Il ne savait pas s'il faisait jour, s'il faisait nuit, ni combien de temps Solerys comptait le garder enfermé.

Axel obligea ses pensées à se concentrer sur ses gestes. Il n'était pas claustrophobe comme son oncle Aioros, mais nul ailé n'aimait se retrouver confiné sous terre.

Sa gorge était sèche, pourtant il se refusait à terminer le verre d'eau qu'il lui restait. Il ne savait pas quand Solerys daignerait lui rendre visite. Et le dernier verre d'eau qu'il avait vidé lui avait fait perdre connaissance.

Axel termina sa série, souffla doucement.

Telclet ? appela-t-il une nouvelle fois.

Il essayait, au moins une fois par jour.

Telclet, répond-moi. J'ai besoin de toi.

Il attendit, le cœur battant, ne perçut aucun changement dans le lien. Le découragement s'abattit sur lui ; il le repoussa. Telclet n'avait que lui pour le défendre de Solerys. Et maintenant, il ne savait même plus où Solerys le détenait. Dès qu'il le pourrait, il lui faudrait fouiller la maison. Telclet n'était pas loin, ça, il le sentait encore.

Avec un soupir, Axel se remit en position, débuta de nouveau sa série. Se projeter dans l'instant, dans la souple harmonie des gestes, ne plus réfléchir. Un pas, un déplacement coulé. Une parade, un retrait. Une avancée, un...

La porte s'ouvrit dans un flot de lumière. Instinctivement, Axel se protégea les yeux. Un mouvement brusque qui tira sur sa blessure. Clignant des yeux, il finit par s'accoutumer à la nouvelle luminosité. Solerys. Axel baissa lentement les bras, serra les poings.

—Alors, Axel ? Tu aimes tes nouveaux quartiers ?

Axel déglutit.

—C'est sombre, risqua-t-il. Combien de temps suis-je resté enfermé ?

Solerys haussa les épaules.

—Est-ce important ? Suis-moi, je vais te faire visiter ton nouveau village.

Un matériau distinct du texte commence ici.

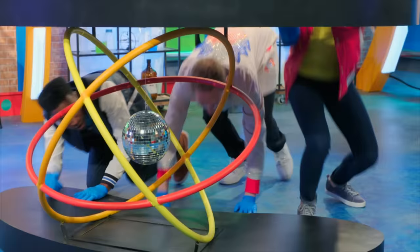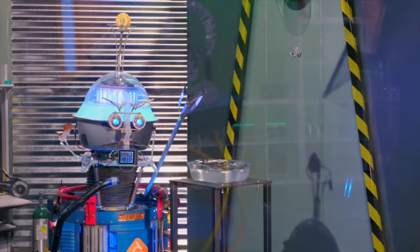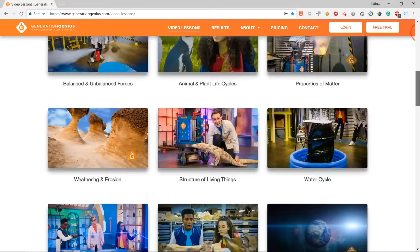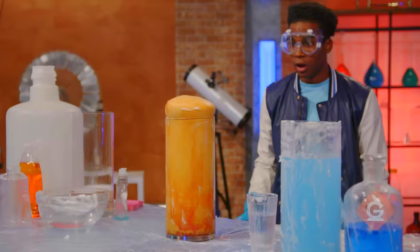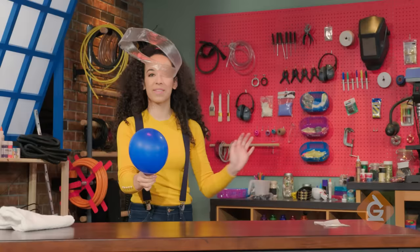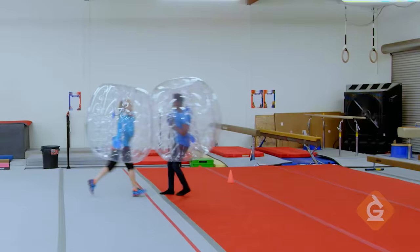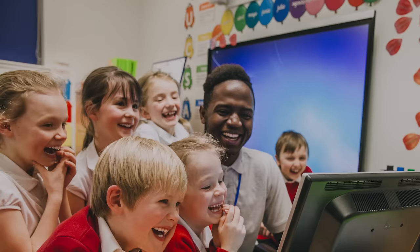Hey kids! If you want to watch this whole episode and more, tell your teacher to sign up at generationgenius.com. We cover all science topics in grades three to five, and you get to watch it in class — but only if you tell your teacher.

Mâchoires serrées, Axel grimpa les quelques marches et passa la porte à la suite de Solerys, détailla aussitôt son environnement. Il faisait jour, déjà. La maison était en bois, avec des étages s'il en croyait les escaliers devant lesquels ils passèrent. Un couloir lambrissé, qui donnait sur une large pièce. Une cheminée, plusieurs fauteuils autour d'une table basse, un épais tapis de laine coloré aux motifs fleuris. Plusieurs cadres étaient accrochés au mur : des paysages, des fleurs. L'odeur de la cire embaumait les lieux. Une chose était sûre, rien ne trahissait une longue absence. Quelqu'un s'était occupé des lieux pendant que Solerys n'était pas là.

—Tu aimes ? questionna Solerys avec un sourire.

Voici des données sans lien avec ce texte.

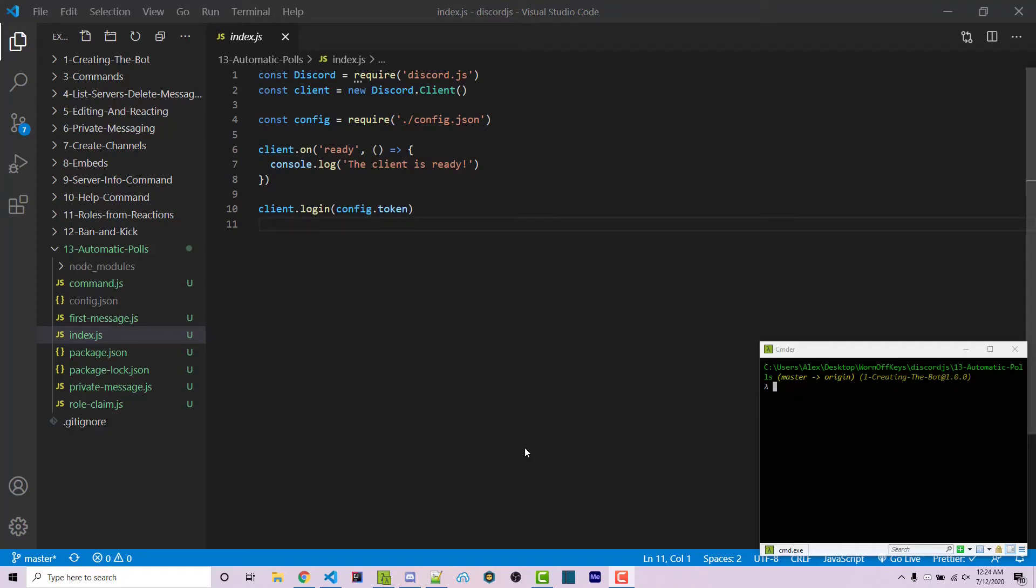Hello everyone, Alex here from wornoffkeys.com. In this video I'm going to show you how you can use different polling features using Discord.js to get feedback from your community.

—Je ne m'attendais pas à ça, avoua Axel.

—J'ai un domestique qui s'occupe de la maison en mon absence. Je pars régulièrement visiter les autres villages sous mon contrôle, histoire de vérifier que tout se passe bien. Tu vois, ici, tout a continué sans moi. Tu comprends ce que ça veut dire, n'est-ce pas ?

Axel frémit. Emprisonné ou non, Solerys avait suffisamment endoctriné ces gens pour qu'ils poursuivent son œuvre, même sans lui. La pensée était inquiétante. Solerys était plus qu'un simple criminel ; il était à la tête d'un vaste réseau. Combien y'avaient-ils de petits villages comme celui-ci, à l'abri dans l'immensité de la forêt des Cargues ?

Solerys ne se formalisa pas de son absence de réponse. Il scrutait son visage, comme s'il cherchait à deviner ses pensées.

—Reste près de moi, maintenant. Je ne voudrais pas que les villageois te taillent en pièce, en apprenant que tu es à l'origine de mon absence prolongée.

Axel déglutit et hocha la tête. C'était une menace. Il n'aurait pas cru que les villageois lui soient tous hostiles, mais pendant qu'il était enfermé, Solerys avait pu raconter sa propre version des faits. Une fois encore, il était coincé.

Il suivit Solerys à l'extérieur. Les routes étaient de terre battue, bien entretenues. Les façades des maisonnettes étaient colorées, mais Axel commençait à se faire au style chargé des Niléens. Même s'ils étaient en hiver, il y avait quelques fleurs. Des bruyères rouges et blanches, de beaux cyclamens mauves. Les autres, il ne les reconnaissait pas.

Les effluves de la boulangerie lui rappelèrent qu'il n'avait rien mangé depuis longtemps ; son estomac gronda mais Solerys se contenta de sourire. Axel avait envie de lui effacer son sourire à coups de poings. Ils passèrent devant une fleuriste, puis devant une boutique de joaillerie qui lui rappela Lucille. Son cœur se serra. Il avait été heureux, quelque part. Créer, se perdre dans le travail... ça lui manquait. Il s'était senti si utile, alors...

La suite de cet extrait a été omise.